A big development in the last couple of months, according to recruiters, has been startups' willingness to dig deep into their pockets to get the right talent on their teams. One vendor reportedly is willing to give away as much as 10 percent of the company to fill four positions: VP of manufacturing, VP of engineering, director of manufacturing, and director of engineering. This is a big step up, considering that most director-level appointees are offered less than one percent equity, say recruiters.
“Startups are focused now more than ever on execution,” says one recruiter who didn’t want to be named. “They want people who have been there, done that before, and they are willing to pay a premium for it.” Other companies have upped the ante in terms of cash bonuses and are offering interest free loans for housing in the Silicon Valley. One company offered $100,000 to an “individual contributor” or staff engineer to entice him on board, says the recruiter. This is ten times the average, which is about $10,000 for an individual contributor.
“There is definitely more of an emphasis on finding someone with the exact skill set needed,” says the recruiter. “And startups are willing to pay a premium for that once they find it. But not everyone is going to get the $100,000 bonus.”
California-based Calix Networks even sent around a memo to recruiters offering $10,000 on top of the usual fees to find talented people to work at the company.
But it isn’t only the amount startups are willing to pay that is changing. There has also been a shift in terms of which jobs are most in demand. Nine months ago, application-specific integrated circuits (ASICs) designers and micro-electro-mechanical system (MEMS) engineers could write their own tickets, but today startups are looking for manufacturing experts or software designers. Specifically, in manufacturing, companies want to see semiconductor packaging experience; while in software, Multiprotocol Label Switching (MPLS) and management expertise are key.
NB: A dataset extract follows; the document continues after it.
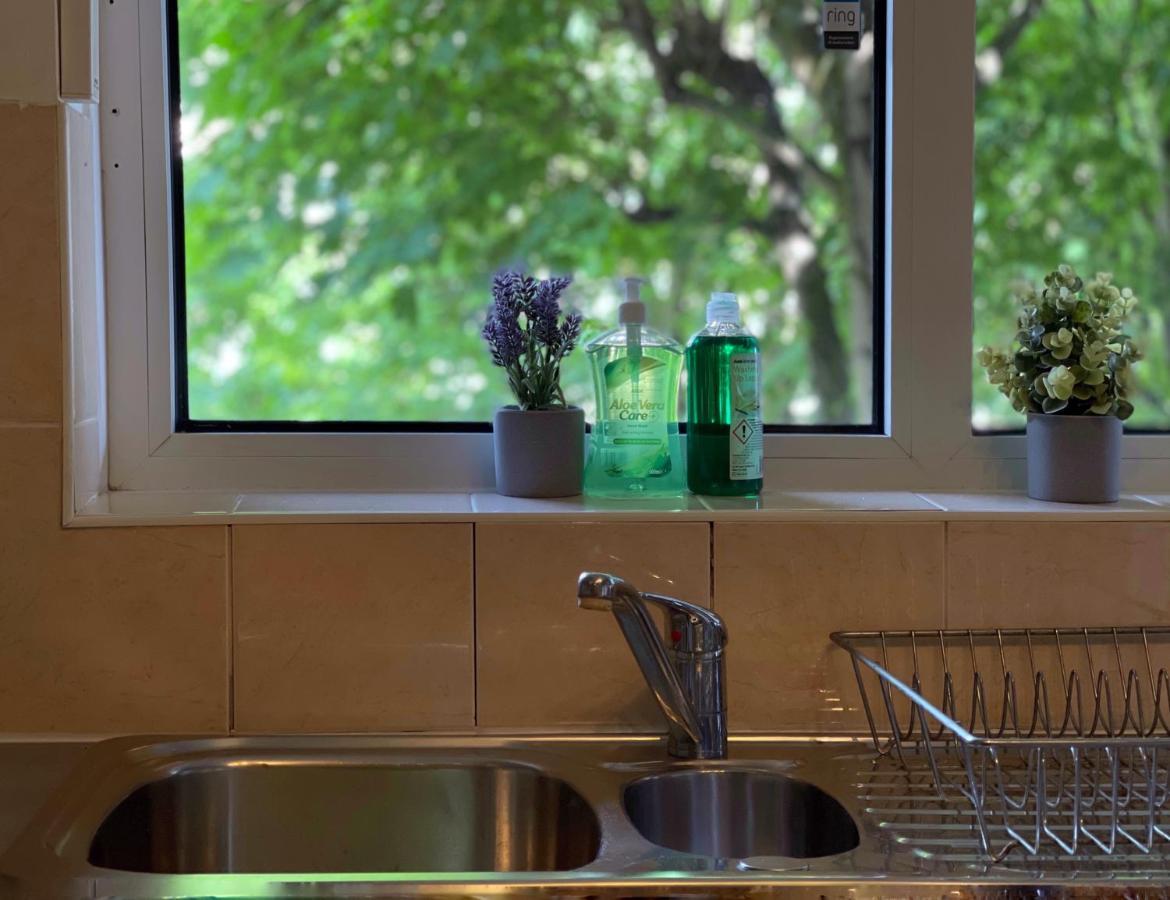 Noah's Place In Mile End Apartment *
Why the shift? For one, as the optical industry matures, vendors need to be able to cost-effectively mass-produce their products. This is especially important when it comes to component vendors. Today, many optical components are still assembled by hand. What is needed is a process that will allow vendors to automate and increase yields from a couple hundred a day to tens of thousands a day. And because this evolution has already happened in the semiconductor industry, individuals with that experience are very much in demand.
With groups like the Optical Domain Service Interconnect Coalition (ODSI) and the Optical Internetworking Forum (OIF) working to standardize optical signaling technologies, software differentiation will also become more important. Hardware technology will become commoditized, which means that software will be what sets one vendor apart from another.
The market slump has not only failed to dampen startups' demand for employees: Some people in the industry are anticipating a flood of new recruits from large public companies with falling stock prices. Startups in New Jersey have already started to reap the benefits of Lucent Technologies Inc. (NYSE: LU) and AT&T Corp.'s (NYSE: T) sagging stock prices (see New Jersey Startups Clean Up).
“What has happened in the stock market has actually been helpful,” says Matthew Glenn, director of product marketing for Allegro Networks, a Silicon Valley-based startup. “When people at Cisco [Nasdaq: CSCO] and Nortel [NYSE/Toronto: NT] see that their stock options aren’t doubling anymore, they’ll jump ship.”